DIRECTIONS FOR THIS TASK: If a line holds an image, leave the image out; write out everything else in the records exactly.
+--
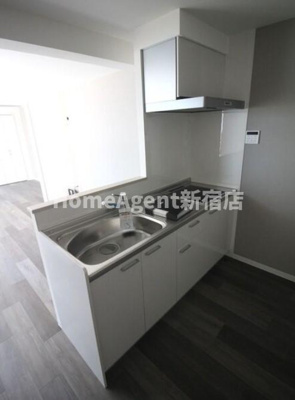 【キッチン】 | THE UNDERZ SUITE RESIDENCE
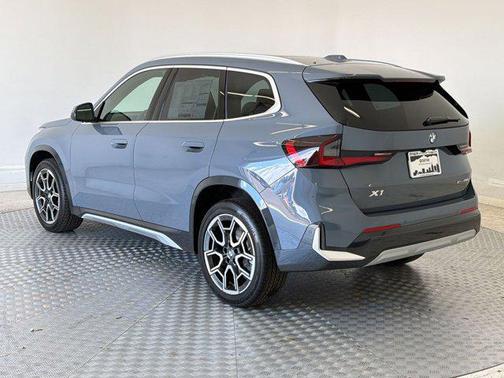 Storm Bay Metallic 2026 BMW X1 xDrive28i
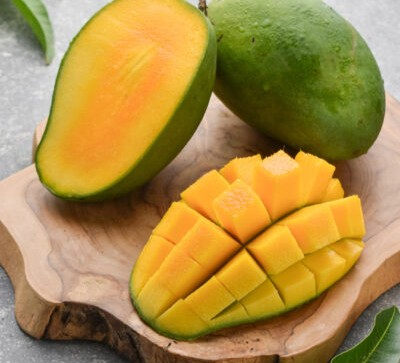 People are feasting on mangoes these days, but when it comes to eating eggs, they say it generates heat. But it is mangoes that actually generate heat in our bodies. Eat eggs for nutrition & mangoes as a small serving for dessert, if you must. But mango is not a meal #nutrition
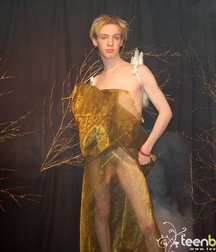 Blond, with wings 5a43c1f569b12.jpg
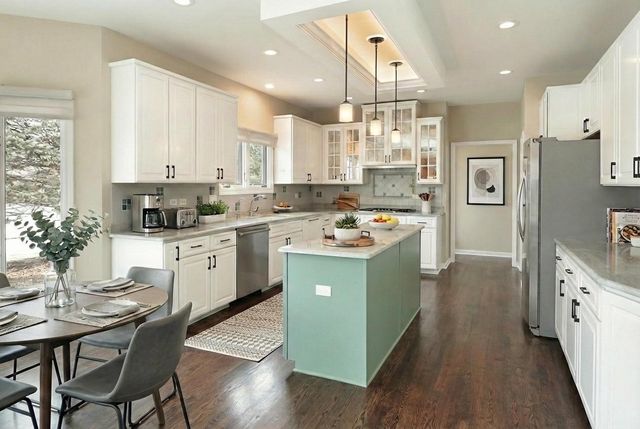 1430 Voltz Road, Northbrook, IL 60062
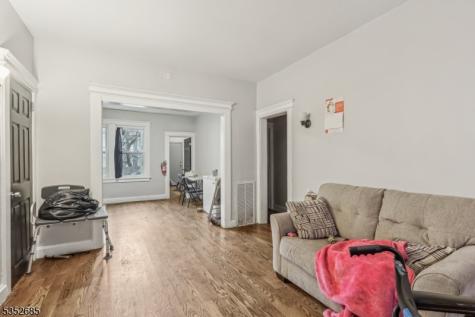 277 S Clinton Street East Orange NJ 07018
+--
ANSWER BELOW:
 【キッチン】 | THE UNDERZ SUITE RESIDENCE
 Storm Bay Metallic 2026 BMW X1 xDrive28i
 People are feasting on mangoes these days, but when it comes to eating eggs, they say it generates heat. But it is mangoes that actually generate heat in our bodies. Eat eggs for nutrition & mangoes as a small serving for dessert, if you must. But mango is not a meal #nutrition
 Blond, with wings 5a43c1f569b12.jpg
 1430 Voltz Road, Northbrook, IL 60062
 277 S Clinton Street East Orange NJ 07018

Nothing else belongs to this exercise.